Fehily Contemporary is a new commercial gallery located in the growing Collingwood gallery scene amidst the wholesale fashion warehouses around Wellington St. The gallery itself is a well-designed warehouse conversion with a main ground floor gallery and a small loft gallery above office/storage space.

The main gallery was still being set up on Wednesday for the Thursday opening of US artist, Angela Ellsworth’s “Training, Walking and Drawing”. Most of the drawings had been hung but the Ellsworth’s drawing equipment had barely been unpacked. The drawings were not impressive, fan scribbles, but they are only evidence, a record of the drawing action. Ellsworth has been drawing with pencils strapped on parts of her body, head, arms and legs and will be repeating these performances during the exhibition.

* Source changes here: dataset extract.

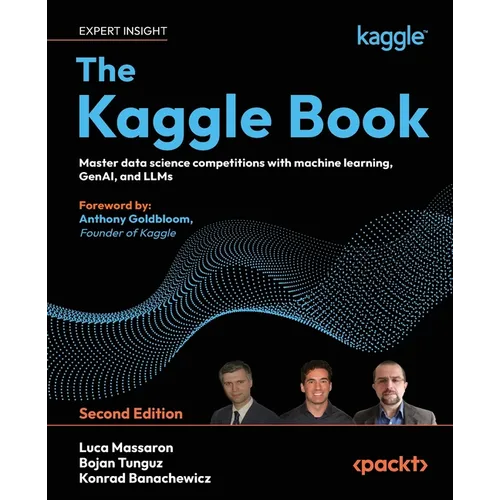 The Kaggle Book - Second Edition: Master data science competitions with machine learning, GenAI, and LLMs - Paperback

Upstairs, in the ‘loft’, there is a series of painted skulls and tapestries by Chen Fei and the Bhutanese Textile Project. Chinese artist, Chen Fei’s series of ceramic skulls decorated with acrylic paint reminded me that when I’m dead my skull will be just another surface to decorate or make into a musical instrument. But as a sign of mortality the skull is a cliché.

The work of 15 master weavers from Bhutan looked contemporary with figures covered in brightly colored images. These are the best textile works that I’ve seen all year; the silk embroidery is very fine but it is the intricate intensity of the images that give life to the work. Are those sunglasses or am I just interpreting these images from my own culture? No, there definitely are elements of contemporary images mixed in with traditional elements. You don’t need to understand the subtleties of Buddhist iconography or the concepts of “Sukha and Duhkha” (the title of the exhibition) to appreciate the work of the Bhutanese Textile Project.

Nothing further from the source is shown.